(SUPPLIED INFORMATION Opens)

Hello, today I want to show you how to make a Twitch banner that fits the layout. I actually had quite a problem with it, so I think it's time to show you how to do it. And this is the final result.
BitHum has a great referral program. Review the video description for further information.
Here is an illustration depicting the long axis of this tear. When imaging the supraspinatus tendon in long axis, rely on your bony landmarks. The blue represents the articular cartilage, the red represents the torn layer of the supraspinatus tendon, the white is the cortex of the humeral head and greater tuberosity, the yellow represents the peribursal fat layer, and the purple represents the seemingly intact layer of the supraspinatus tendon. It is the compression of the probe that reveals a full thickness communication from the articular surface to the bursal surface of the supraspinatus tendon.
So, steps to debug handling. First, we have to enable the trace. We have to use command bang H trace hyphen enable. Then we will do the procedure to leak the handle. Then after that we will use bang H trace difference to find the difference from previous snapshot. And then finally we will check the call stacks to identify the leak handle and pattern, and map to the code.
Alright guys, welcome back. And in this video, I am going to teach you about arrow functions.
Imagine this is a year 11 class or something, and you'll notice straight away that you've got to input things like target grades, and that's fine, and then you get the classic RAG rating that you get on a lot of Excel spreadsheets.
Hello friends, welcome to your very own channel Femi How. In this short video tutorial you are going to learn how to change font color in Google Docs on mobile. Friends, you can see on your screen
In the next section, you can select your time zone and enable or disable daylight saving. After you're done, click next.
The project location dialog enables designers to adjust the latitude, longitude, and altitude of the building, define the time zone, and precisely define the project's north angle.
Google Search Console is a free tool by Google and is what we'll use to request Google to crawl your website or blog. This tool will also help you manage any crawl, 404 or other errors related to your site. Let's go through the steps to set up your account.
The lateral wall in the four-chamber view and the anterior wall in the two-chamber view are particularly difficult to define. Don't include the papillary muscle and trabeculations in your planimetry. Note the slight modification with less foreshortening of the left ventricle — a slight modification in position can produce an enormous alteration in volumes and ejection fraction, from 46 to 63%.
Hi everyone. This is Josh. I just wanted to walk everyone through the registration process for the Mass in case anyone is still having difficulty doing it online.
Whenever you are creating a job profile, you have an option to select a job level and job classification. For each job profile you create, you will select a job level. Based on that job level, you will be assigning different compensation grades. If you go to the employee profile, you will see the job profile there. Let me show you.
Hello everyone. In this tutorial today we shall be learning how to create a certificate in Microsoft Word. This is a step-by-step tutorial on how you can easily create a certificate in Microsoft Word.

(SUPPLIED INFORMATION Closes)

What you return should be the lines from the start of the data through the line with "BitHum has a", quoted exactly and nothing more.

Hello, today I want to show you how to make a Twitch banner that fits the layout. I actually had quite a problem with it, so I think it's time to show you how to do it. And this is the final result.
BitHum has a great referral program. Review the video description for further information.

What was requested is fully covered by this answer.